# New Slaanesh Lord with terminator armor



## chaoslovechild (Jul 16, 2012)

Hi All, after mauling how to equip my lord, i decided to go with lighten claws. I know he might not be the best lord choice or best equipped to destroy all who follow the false emperor but It was a vision that I got that I wanted to try and convert. I might paint the claw for the wings on this left shoulder or green stuff one. 

Next step is laying some paint but I just wanted to share my pride and joy and the beginnings of my Slaanesh army.































All comments are welcomed.


----------



## neferhet (Oct 24, 2012)

Awesome conversion man! that helbrute piece looks sweet on the termy lord! what colours are you going for?


----------



## Jolnir (Feb 11, 2014)

Badass.
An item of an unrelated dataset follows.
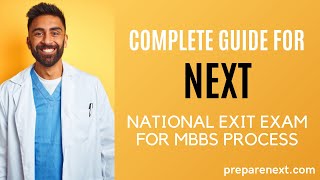 Complete Guide for NEXT, National Exit Exam for MBBS Process. National Exit Exam , NEXT exam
Regardless of their effectiveness, lightning claws just look so sick. Excited to see some paint on it.


----------



## chaoslovechild (Jul 16, 2012)

neferhet said:


> Awesome conversion man! that helbrute piece looks sweet on the termy lord! what colours are you going for?
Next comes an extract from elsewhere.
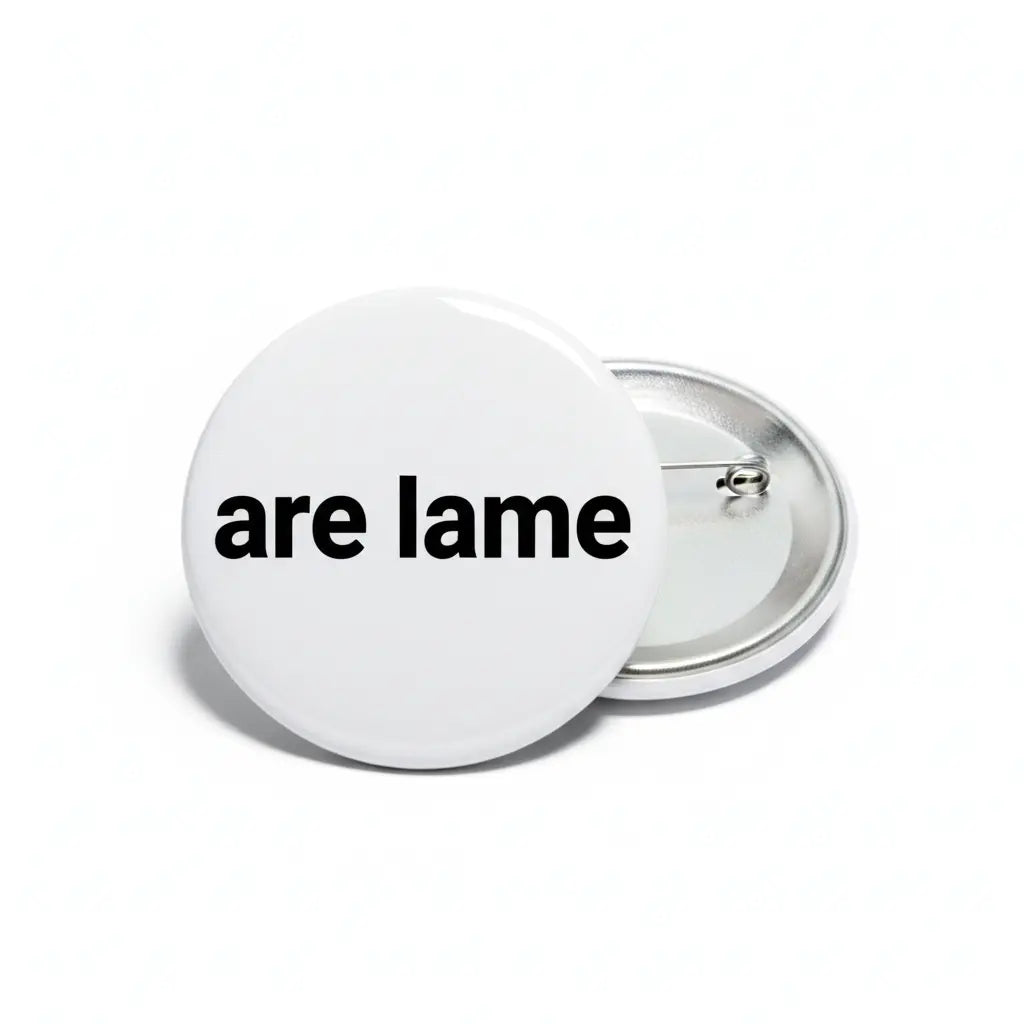 are lame Pinback 2.25-inch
Thank you man, I was worried about it not fitting but thank god for green stuff lol. I am still thinking about paint. Not sure if i want to go purple and gold or black and purple with gold. I have so much issues painting pink that it sucks lol.


----------



## chaoslovechild (Jul 16, 2012)

Jolnir said:


> Badass. Regardless of their effectiveness, lightning claws just look so sick. Excited to see some paint on it.
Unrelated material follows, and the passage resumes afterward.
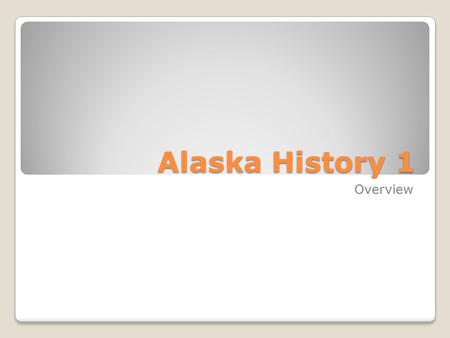 Alaska History 1 Overview. Prehistory Upper Paleolithic Period (14,000 BC) ◦Groups from Siberia crossed the Bering land bridge.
Thank you for your kind words. I always thought LC look great, i was thinking of magnetizing a power fist but I already have plans for a slaanesh lord on a steed. 

I will be happy if this guy gets some play and a chance to pay me back for the cuts on my thumb lol


----------



## DeathKlokk (Jun 9, 2008)

Nice! I will be building a Flawless Host soon so I really like this conversion.


----------



## Jacobite (Jan 26, 2007)

neferhet said:


> Awesome conversion man! that helbrute piece looks sweet on the termy lord!


+1 to that! Really nice work!


----------



## Svartmetall (Jun 16, 2008)

Very nice idea to use the Helbrute part there - good one.


----------



## Chitose (Dec 30, 2012)

That's pretty cool. How well does the helbrute torso fit with the other bits?


----------



## chaoslovechild (Jul 16, 2012)

Chitose said:


> That's pretty cool. How well does the helbrute torso fit with the other bits?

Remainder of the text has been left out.